È una sfida, anche per noi, come amministrazione, riuscire ad adeguarci a quelle che sono e saranno le nuove linee guida. Nessuno puó dirci con certezza quale sarà il futuro, ma affermare che nonostante tutto il Buskers Festival c'è, pur se ridimensionato, è motivo di grande orgoglio per tutti noi».

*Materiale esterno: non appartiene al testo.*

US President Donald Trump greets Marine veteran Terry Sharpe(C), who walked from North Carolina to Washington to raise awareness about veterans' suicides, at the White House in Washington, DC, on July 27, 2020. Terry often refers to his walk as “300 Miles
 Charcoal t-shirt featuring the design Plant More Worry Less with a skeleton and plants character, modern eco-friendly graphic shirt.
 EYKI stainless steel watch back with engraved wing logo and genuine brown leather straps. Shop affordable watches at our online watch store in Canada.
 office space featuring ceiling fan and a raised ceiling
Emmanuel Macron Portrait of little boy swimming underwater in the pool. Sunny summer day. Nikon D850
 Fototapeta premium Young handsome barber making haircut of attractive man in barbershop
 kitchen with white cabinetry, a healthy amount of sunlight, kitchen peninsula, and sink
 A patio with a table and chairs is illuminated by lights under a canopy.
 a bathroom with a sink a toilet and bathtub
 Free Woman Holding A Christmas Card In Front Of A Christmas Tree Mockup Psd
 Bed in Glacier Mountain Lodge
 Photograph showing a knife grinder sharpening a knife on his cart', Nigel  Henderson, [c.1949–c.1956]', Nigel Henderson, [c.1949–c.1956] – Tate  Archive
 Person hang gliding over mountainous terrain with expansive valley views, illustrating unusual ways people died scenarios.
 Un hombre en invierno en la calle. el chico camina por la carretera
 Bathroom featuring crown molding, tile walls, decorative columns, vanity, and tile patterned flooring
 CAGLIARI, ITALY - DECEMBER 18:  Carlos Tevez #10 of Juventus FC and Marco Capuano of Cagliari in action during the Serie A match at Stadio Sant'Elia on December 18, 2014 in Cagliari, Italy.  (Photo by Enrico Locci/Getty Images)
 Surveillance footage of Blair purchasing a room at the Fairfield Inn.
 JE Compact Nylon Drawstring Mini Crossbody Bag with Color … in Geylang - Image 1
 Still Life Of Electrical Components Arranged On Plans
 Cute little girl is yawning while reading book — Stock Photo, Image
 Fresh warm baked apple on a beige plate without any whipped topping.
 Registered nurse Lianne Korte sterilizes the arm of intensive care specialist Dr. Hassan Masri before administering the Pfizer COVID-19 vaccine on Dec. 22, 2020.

Ferrara Buskers Festival: la storia

Ferrara Buskers Festival® è il più importante e longevo festival al mondo dedicato ai musicisti di strada. Il progetto nasce nel 1987, da un’idea Stefano Bottoni, ancora oggi direttore artistico della manifestazione. Amante della musica e musicista a sua volta, Stefano Bottoni, dopo un viaggio a New York, ha capito quanto fosse importante valorizzare la figura del musicista di strada – il busker – le cui esibizioni sono spesso vietate in molte città del mondo. La sua intuizione è stata quella di dare al festival un respiro internazionale: in questi anni infatti sono arrivati a Ferrara centinaia di artisti da tutto il pianeta, desiderosi di condividere la loro arte. Da segnalare, nel 1989, la partecipazione in incognito di Lucio Dalla, che volle accogliere l’invito di Stefano Bottoni, esibendosi con il suo clarinetto tra lo stupore della folla.

Ogni edizione è dedicata a un paese o a una città internazionale diversa, da cui provengono la maggior parte degli artisti invitati, con l’obiettivo di creare nuovi rapporti culturali.

Il Festival è stata la prima manifestazione culturale italiana, ecologica e sostenibile, a essere certificata ISO 20121. Il progetto Buskers GREEN è una iniziativa che, oltre ad aver ottenuto importanti riconoscimenti come il Premio Cultura in Verde e il patrocinio del Ministero dell’Ambiente, è diventato modello di riferimento per eventi analoghi, soprattutto in tema di gestione dei rifiuti.